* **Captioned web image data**
BEGIN

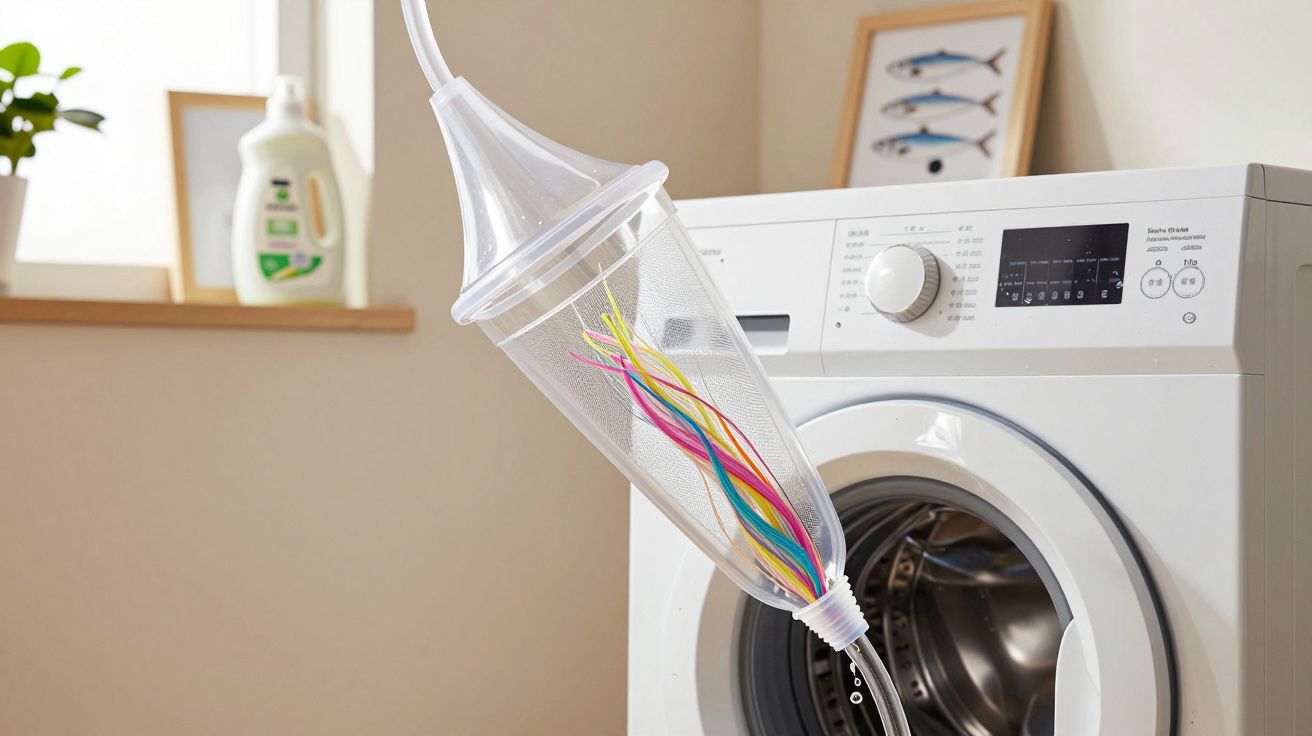 Lavadora branca com filtro plástico coletor de fiapos coloridos pendurado na porta aberta.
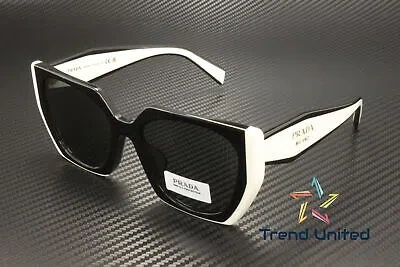 Pre-owned Prada Pr 15wsf 09q5s0 Black Talc Dark Grey 55 Mm Women's Sunglasses In Gray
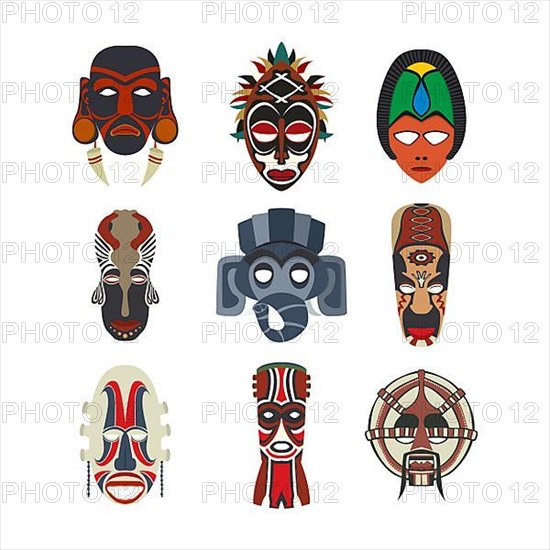 Vector tribal masks set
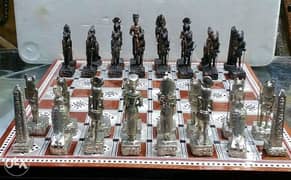 طقم شطرنج نحاس خالص فرعوني حجم كبير+ قاعده صدف ٤٠سم 0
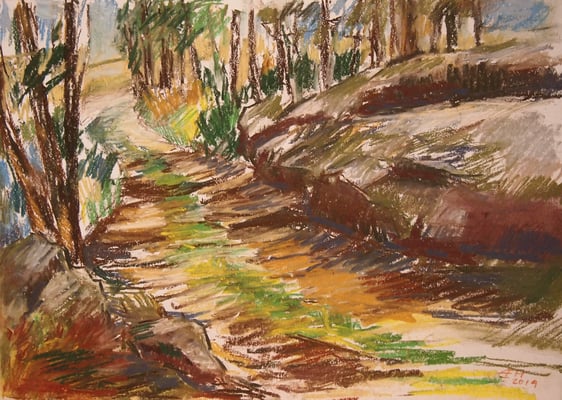 Past Rocks And Stones   Pastellkreide 29,7x42cm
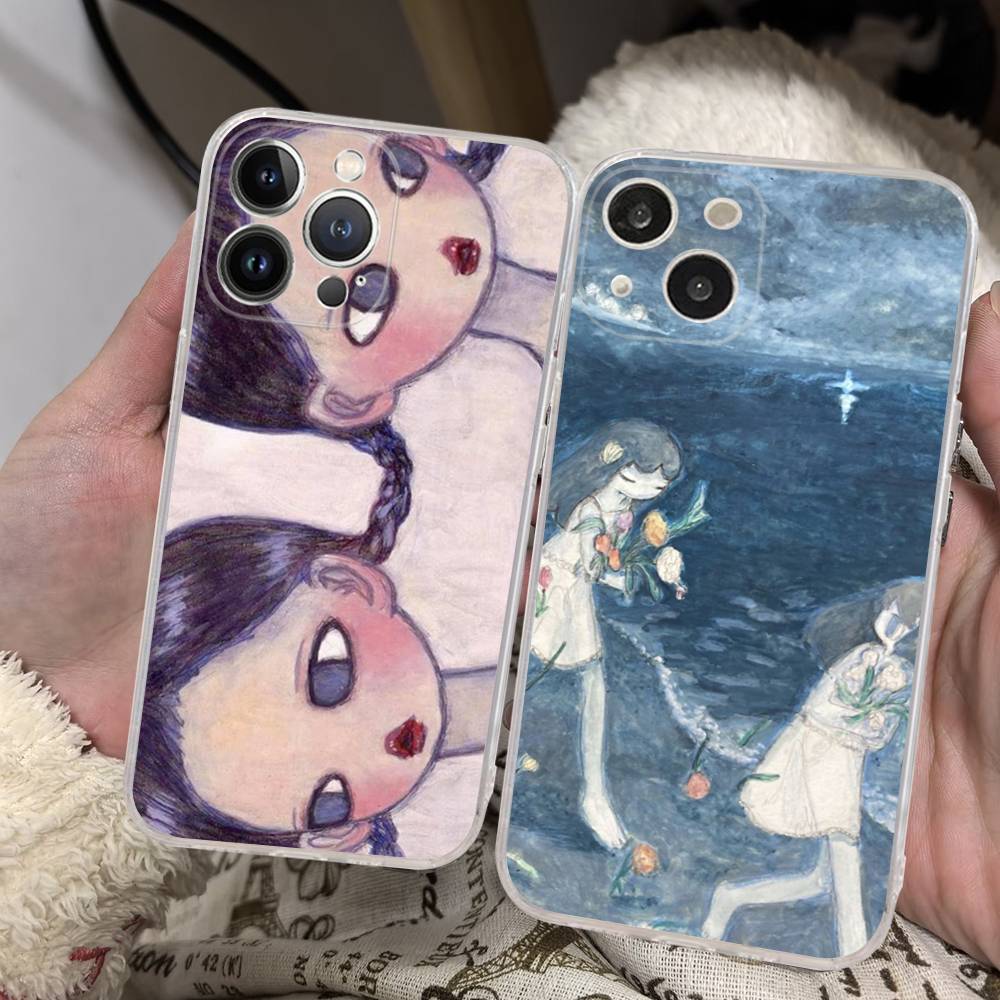 Aya Takano paintings Phone Case For iPhone 17 15 14 13 11 12 16 Pro Max Plus Mini Transparent Silicone Soft Funda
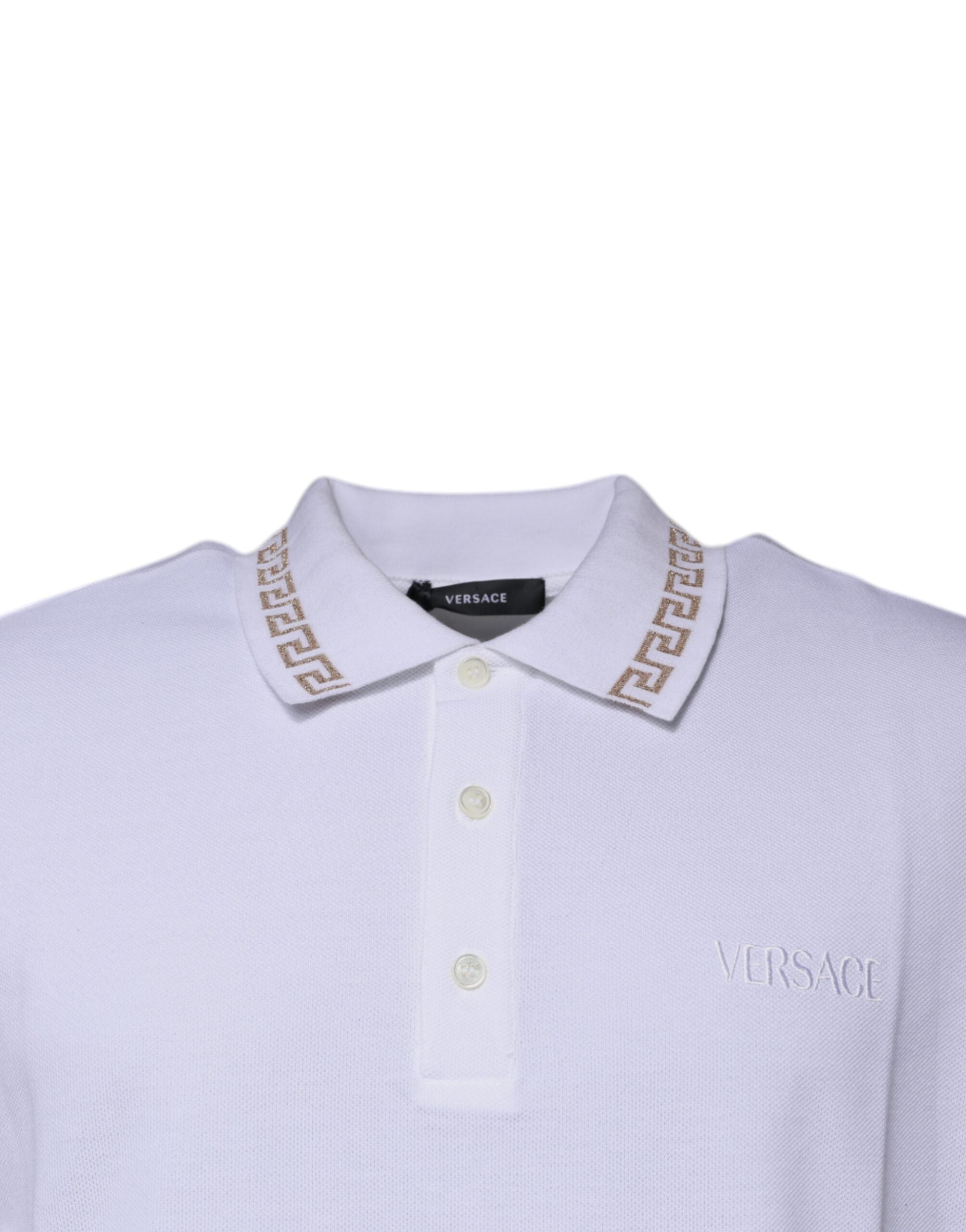 Versace Vit Viskos Krage Herr Polo Kortärmad T-shirt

END

* **About this task**
Skip the pictures and give the entries above again word for word.

* **Output of the task**
 Lavadora branca com filtro plástico coletor de fiapos coloridos pendurado na porta aberta.
 Pre-owned Prada Pr 15wsf 09q5s0 Black Talc Dark Grey 55 Mm Women's Sunglasses In Gray
 Vector tribal masks set
 طقم شطرنج نحاس خالص فرعوني حجم كبير+ قاعده صدف ٤٠سم 0
 Past Rocks And Stones   Pastellkreide 29,7x42cm
 Aya Takano paintings Phone Case For iPhone 17 15 14 13 11 12 16 Pro Max Plus Mini Transparent Silicone Soft Funda
 Versace Vit Viskos Krage Herr Polo Kortärmad T-shirt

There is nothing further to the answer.